Myrdal explained that like every small country Sweden cannot trust “the international community.” “Will the Italians really come to our aid if the Russians again start to march?” He sneered at the United Nations and its phony legal framework and promises. The U.N. Convention on Human Rights, he said, directly threatened the historic rights and equalities of Swedes, such as the ancient Germanic concept of “everyman’s right” of access to privately held forests and lakes. I asked: Did Sweden’s contemporary Social Democrats, now enjoying a strong revival in the opinion polls as the conservatives take the fall for decades of socialist mismanagement, understand this? No, he replied, the “populist left” in Sweden had died in the early 1960’s, replaced by a “so-called left” that was committed to smashing morality, to destroying the family, and to crushing traditional institutions. “Alva had much to do with this,” he volunteered.

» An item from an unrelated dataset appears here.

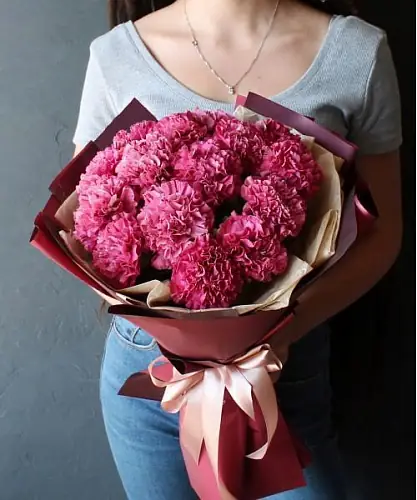 15 Малиновых Гвоздик в упаковке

Today, he continued, the socialist party leaders were fat with power, cut off from the common people, and committed to a false concept of equality. The intellectuals, too, were selling out. I noted that in America, the going rate for an intellectual’s soul and pen seemed to be the cost of a round-trip ticket to Paris, as the Unification Church had discovered 20 years ago. Myrdal said that the price of a Swedish intellectual was cheaper still, and he ticked off the names of journalists and professors who had sold out to the internationalists.

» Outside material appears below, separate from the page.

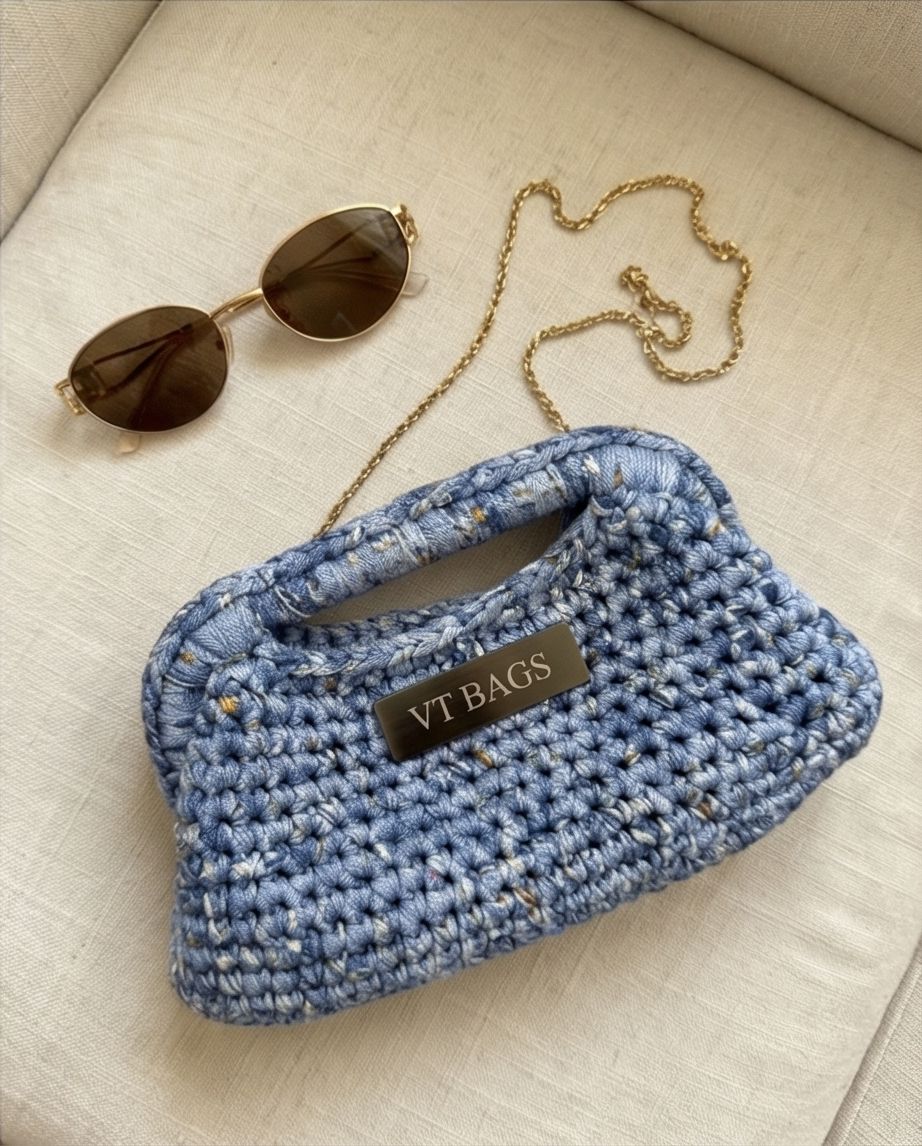 VT BAGS – MODELLO “DENIM SKY MINI BAG”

He talked with great affection of the days of Per Albin Hansson, Sweden’s socialist prime minister in the 1930’s, who had recast his party’s ideological message in a populist, “folkish,” nationalist way through speeches such as “Sweden for the Swedes” and concepts such as folkhemmet (“the people’s home”). Gunnar and Alva’s “population policies,” seeking more marriages and more births, fit well into this framework.

Did he have hope for the renewal of a “tradition-oriented left”? Yes, he thought that the war of the “false leftwing” against the family was faltering. This time, leading me down the spiral staircase into his library, he produced copies of Smabrukaren, the magazine of Sweden’s contemporary small-farmers’ movement, which is struggling “to reattach the Swedish people to the land.” He cited the young intellectuals (including his son, a historian of agrarian Sweden) centered around the magazine Folkets Historia (The People’s History). He hoped that the looming conflict over entry into the Common Market, to which polls showed a majority of Swedes opposed, might help recreate a “left” at peace with nation and tradition.

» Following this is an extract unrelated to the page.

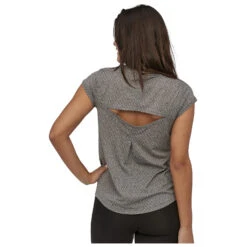 Patagonia - Women's Ridge Flow Shirt - Running Shirt -La Sportiva Store patagonia womens ridge flow shirt running shirt detail 3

What was wrong with the faltering Swedish economy? He showed me a recent book of his, Mekana, on the history and “ideology” of the Swedish erector set. Sweden’s economic troubles, he said, came from the loss of its people’s ability to innovate. “The Swedish children who played with Mekana knew how to create.” Along with the children of the farmers, these tinkers had built modern Sweden. But such things were no longer encouraged in the schools, where American-style “democratic equality” had triumphed.

Myrdal seemed to be getting tired. Some of his sentences began to trail off. I needed to be back on the road, to Stockholm. I thanked him for his time. “You know,” he said as I left, “Gunnar never could understand my fascination for mechanical things, or for animals.”